[proofplan]
The implication "norm-bounded implies weakly (resp. $w^*$) bounded" follows from $|f(x)| \leq \|f\| \|x\|$, valid for all $x \in X$ and $f \in X^*$. The reverse implications are applications of the **Principle of Uniform Boundedness** (Banach-Steinhaus): a family of bounded linear operators from a Banach space to a normed space that is pointwise bounded is uniformly bounded in operator norm. For (i), we view $A$ inside the bidual via the canonical isometric embedding $\hat{x}(f) = f(x)$; weak boundedness of $A$ is exactly pointwise boundedness of $\hat{A} \subseteq \mathcal{L}(X^*, \mathbb{R})$ on the Banach space $X^*$, so PUB gives uniform operator-norm boundedness of $\hat{A}$, and the isometry $\|\hat{x}\| = \|x\|$ transfers this to norm-boundedness of $A$. For (ii), the Banach space hypothesis on $X$ allows us to apply PUB directly to $B \subseteq \mathcal{L}(X, \mathbb{R})$ on the Banach space $X$, with $w^*$-boundedness providing pointwise boundedness on $X$.
[/proofplan]
[step:Recall the Principle of Uniform Boundedness]

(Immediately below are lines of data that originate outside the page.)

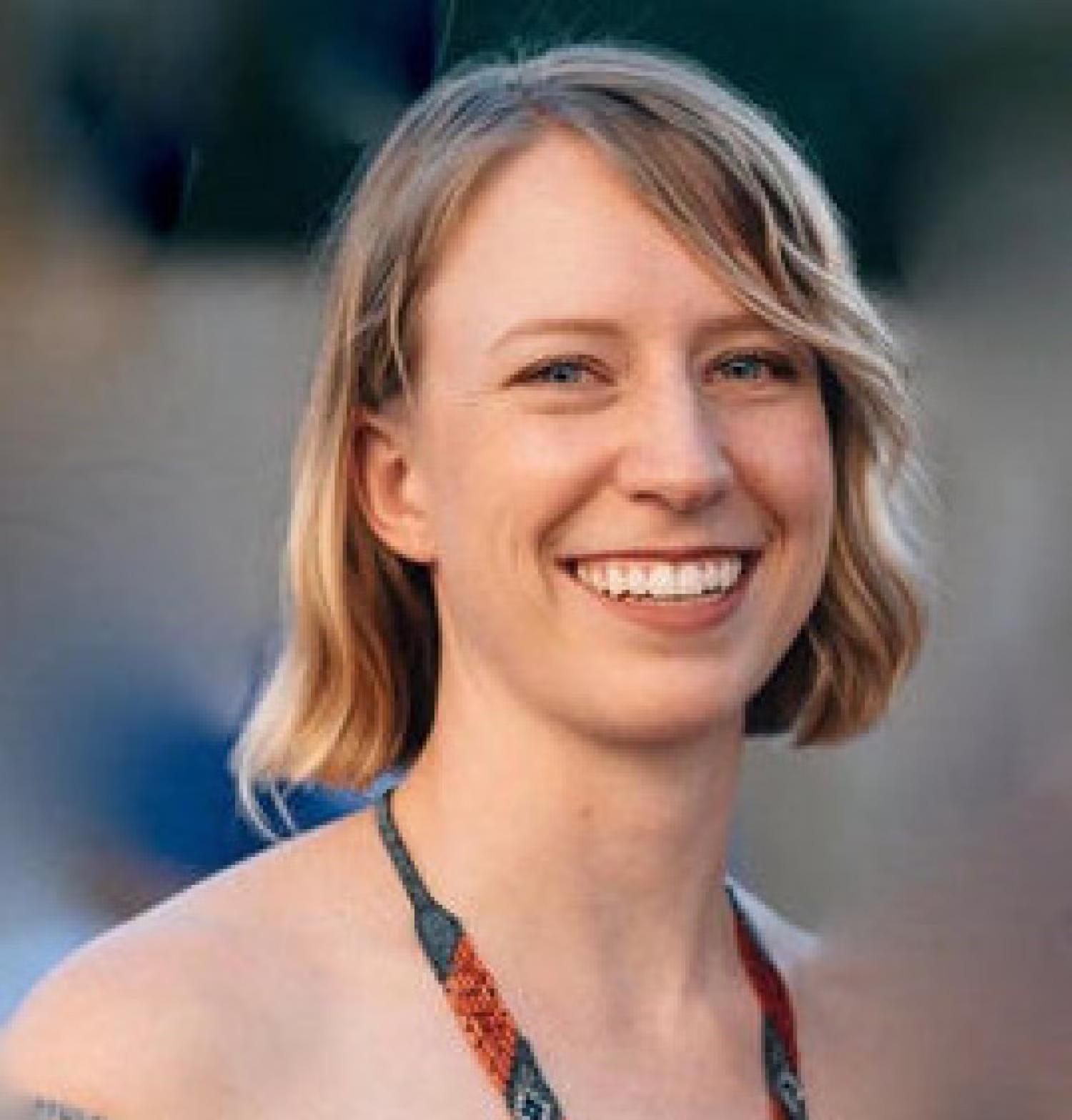Profile image of a young white woman with a wavy blonde bob, smiling.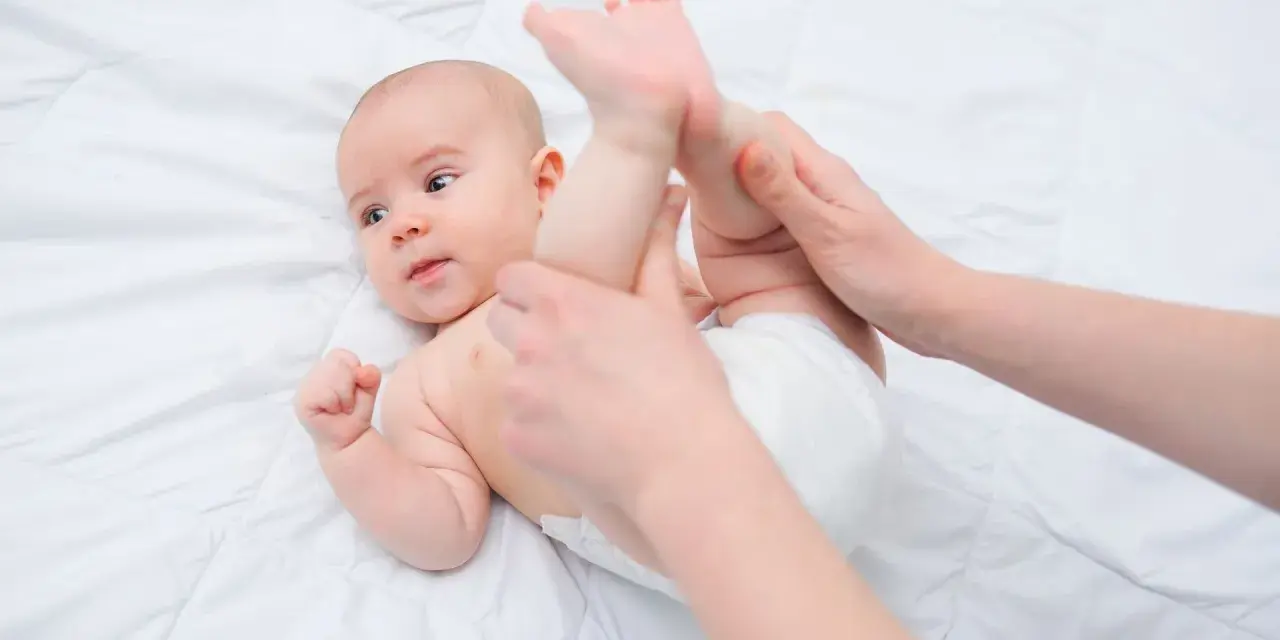 Mani che aiutano un neonato a liberarsi dall'aria nella pancia, con le gambine sollevate delicatamente.
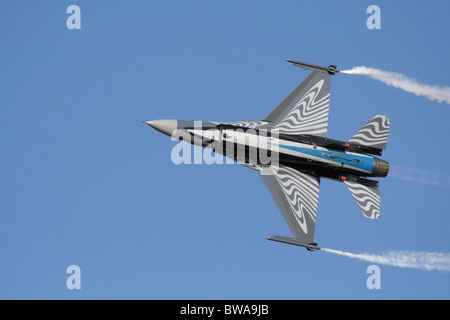 Belgisches F-16 Kampfflugzeug, das während einer Fluganzeige am Himmel fliegt. Unterseite. Nicht zentrierte Komposition mit Kopierbereich. Stockfoto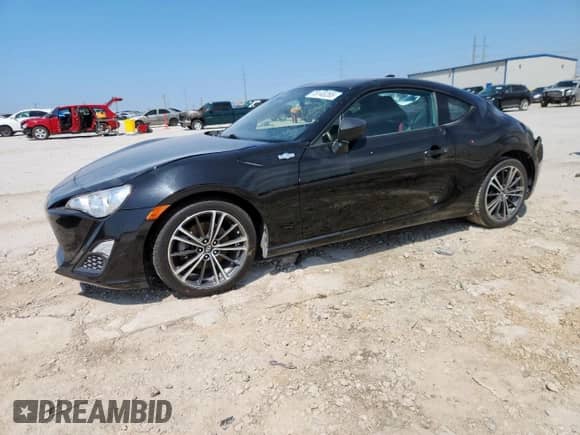2015 Scion FR-S z VIN JF1ZNAA11F9708032, wystawiony jako Copart lot #70145265 z przebiegiem 88 883 mil mil oraz Szkoda całkowita • Salvage title. Historia ofert i sprzedaży dostępna na DreamBid. Obrazek 1.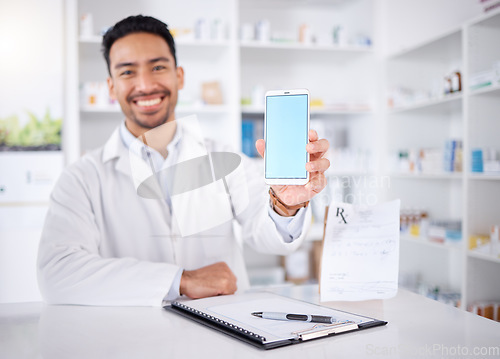 Image of Happy man, portrait and pharmacist with phone screen in pharmacy, drugstore or shop. Face, smartphone and medical professional with mockup space for healthcare promotion, advertising and marketing.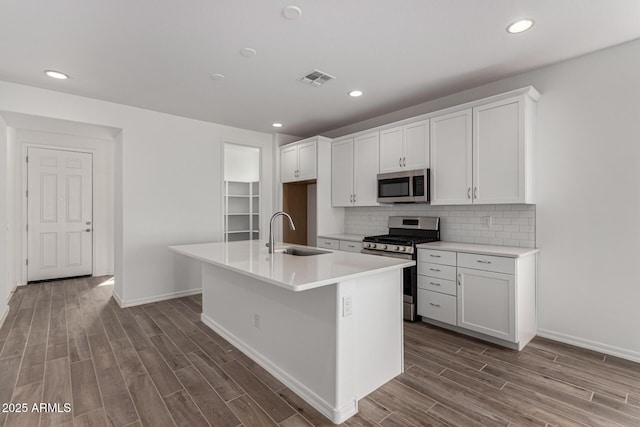 kitchen with sink, an island with sink, appliances with stainless steel finishes, tasteful backsplash, and white cabinetry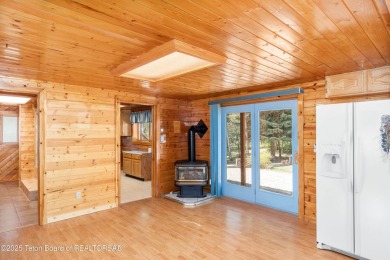 Your dream cabin in the woods awaits you.  Built by the original on Star Valley RV Golf Course in Wyoming - for sale on GolfHomes.com, golf home, golf lot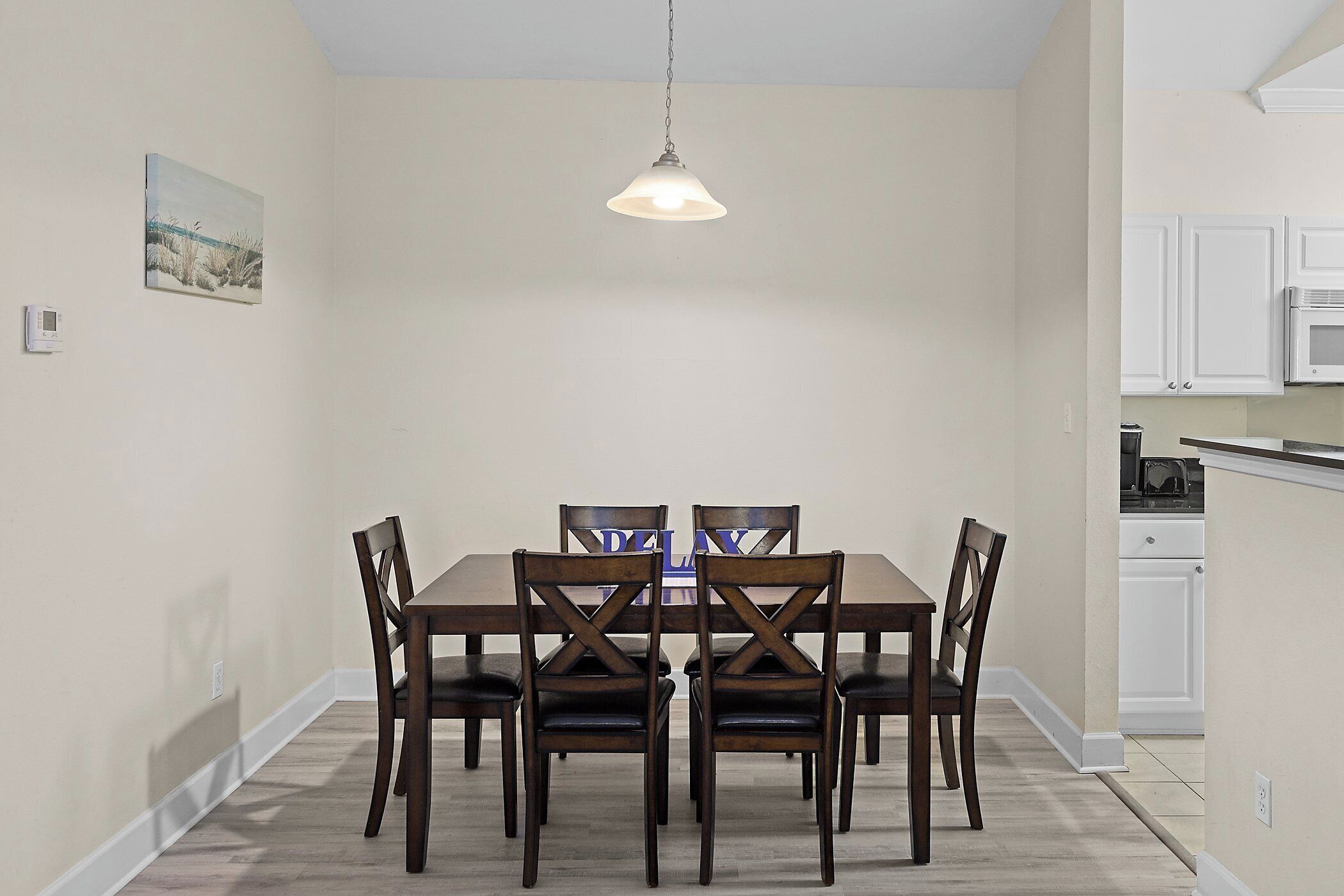 A dining area with a wooden table and chairs, a pendant light, and a kitchen in the background.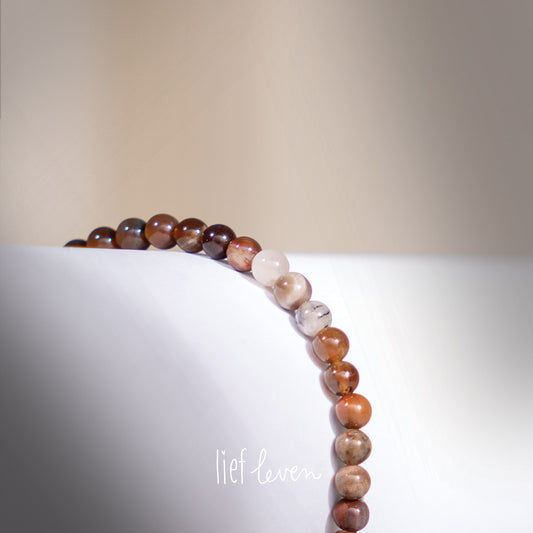 Kralenarmband • Versteend hout
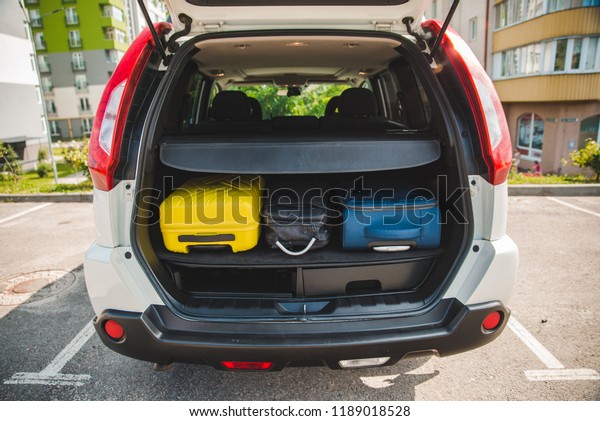 car\
trunk with loaded bags. car travel concept. road\
trip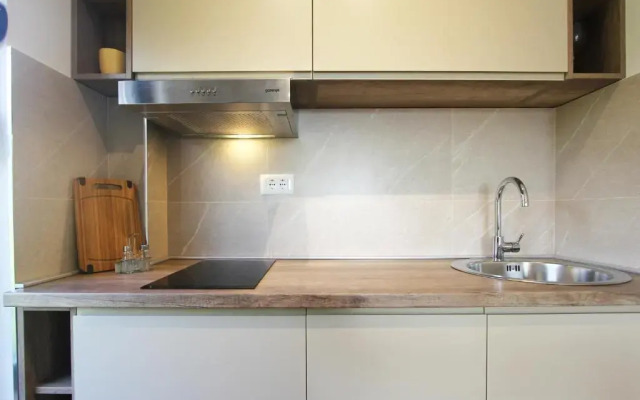 Minimalist stylish 1 BR apartment in Tre Group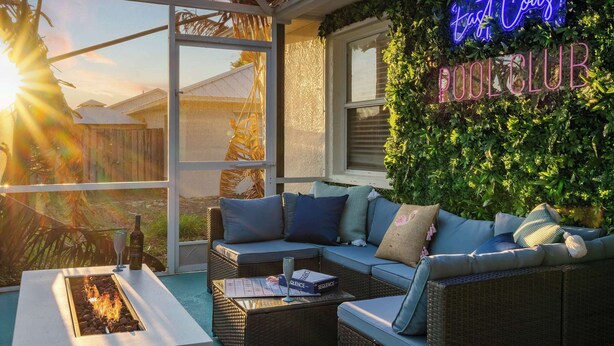Un espacio al aire libre iluminado por el sol con zona de estar, un letrero de neón que dice 'East Coast Pool Club', un elemento decorativo de fuego y un cerramiento de cristal.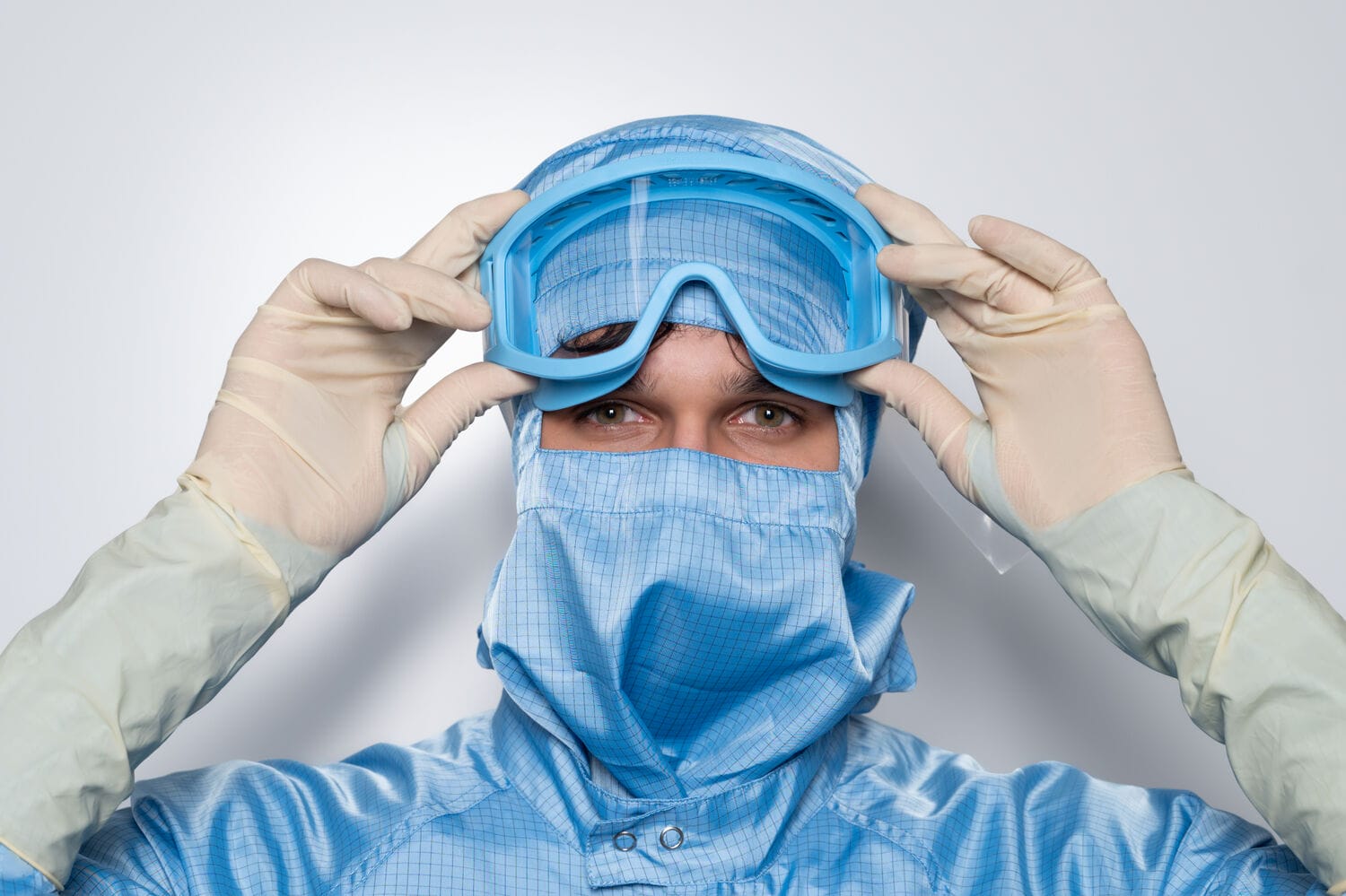 Cleanroom garments and goggles for lab safety.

**Principle of Uniform Boundedness (PUB / Banach-Steinhaus).** Let $E$ be a Banach space, $F$ a normed space, and $(T_\alpha)_{\alpha \in I}$ a family in $\mathcal{L}(E, F)$. If
\begin{align*}
\sup_{\alpha \in I} \|T_\alpha(x)\|_F < \infty \quad \text{for every } x \in E,
\end{align*}
then $\sup_{\alpha \in I} \|T_\alpha\|_{\mathcal{L}(E, F)} < \infty$.
The hypothesis is that the family is **pointwise bounded** on $E$; the conclusion is that the family is **uniformly bounded in operator norm**. The completeness of $E$ is essential.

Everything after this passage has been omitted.